A análise dos 160 anos de legislação não é o foco deste artigo mas é seguro afirmar que
possuímos um sólido e consolidado arcabouço jurídico, inclusive com o aperfeiçoamento
representado pelas Leis que trataram exclusivamente das Concesssões (Lei 8987/95) e Parcerias
Público Privadas (Lei 11079/04).
No entanto, isso não evitou a escalada na judicialização dos processos licitatórios, especialmente
nos últimos 30 anos. Essa condição, associada à lentidão do nosso Sistema Judiciário, provocam
alongamentos de prazo dos empreendimentos, antes mesmo dos contratos assinados.
A judicialização atinge ainda, e cada vez mais, também a gestão dos contratos. Nossa estrutura
legal na área é robusta e também bastante complexa. Questões que antes eram resolvidas no
âmbito administrativo, nos últimos anos têm chegado com muito mais frequência aos tribunais.
Desnecessário enfatizar que, no mais das vezes, tais processos interrompem a fluidez dos
contratos implicando atrasos significativos.
Importante destacar outro aspecto relevante e relacionado à estrurura jurídica do nosso país.
O administrador público não é punido por omissão mas sim por eventual procedimento que gere
dúvida dos órgãos fiscalizadores, trazendo insegurança nas decisões que ele precisa tomar.
Se por um lado há robusta legislação para proteger o erário o que é essencial; não há qualquer
proteção à Pessoa Física do administrador público, caso sua decisão seja questionada. Há como
corrigir tal distorção e seus procedimentos são simples mas fogem do escopo deste artigo.
O cenário acima exposto não explica completamente a enorme dificuldade que o país enfrenta
na entrega de suas obras, desrespeitando sistematicamente os prazos contratuais inicialmente
considerados.
Refletindo sobre o tema e analisando o cenário da nossa atividade nos últimos quase 60 anos,
além do aspecto jurídico acima exposto, muitas outras variáveis contribuem para a distorção
apontada.
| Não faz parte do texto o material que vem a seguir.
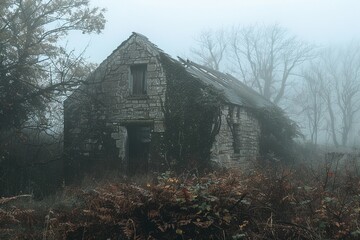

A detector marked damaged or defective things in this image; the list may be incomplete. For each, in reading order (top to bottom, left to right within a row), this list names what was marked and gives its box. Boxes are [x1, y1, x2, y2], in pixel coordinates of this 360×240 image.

Dentre essas variáveis, algumas se sobresaem como mais importantes.
1 – Planejamento Inadequado, insuficiente ou inexistente
1.1 – Planejamento do Contratante Público
Em plano inicial, é indispensável que o poder público obtenha e reserve os recursos
necessários à execução da obra. No que se refere aos recursos financeiros, é importante que
as medidas sejam de caráter dinâmico e acompanhadas de um fluxo cobrindo todo o
empreendimento, independentemente de quantos exercícios fiscais ou mandatos sejam
alcançados durante o prazo da obra.
Além dos recursos financeiros, o contratante deve esgotar todas as providências
preliminares, tais como, licenças ambientais, autorizações, aprovações, remanejamento de
interferências e tudo o mais que seja de sua responsabilidade. Caso o Projeto de engenharia
seja sua atribuição, que o mesmo esteja finalizado e fornecido em nível executivo. Estes
elementos já deveriam ser disponibilizados no momento da licitação para permitir que todos
os concorrentes pudessem elaborar a melhor proposta técnica possível, juntamente com sua
proposta comercial; e que essas propostas pudessem ser comparáveis.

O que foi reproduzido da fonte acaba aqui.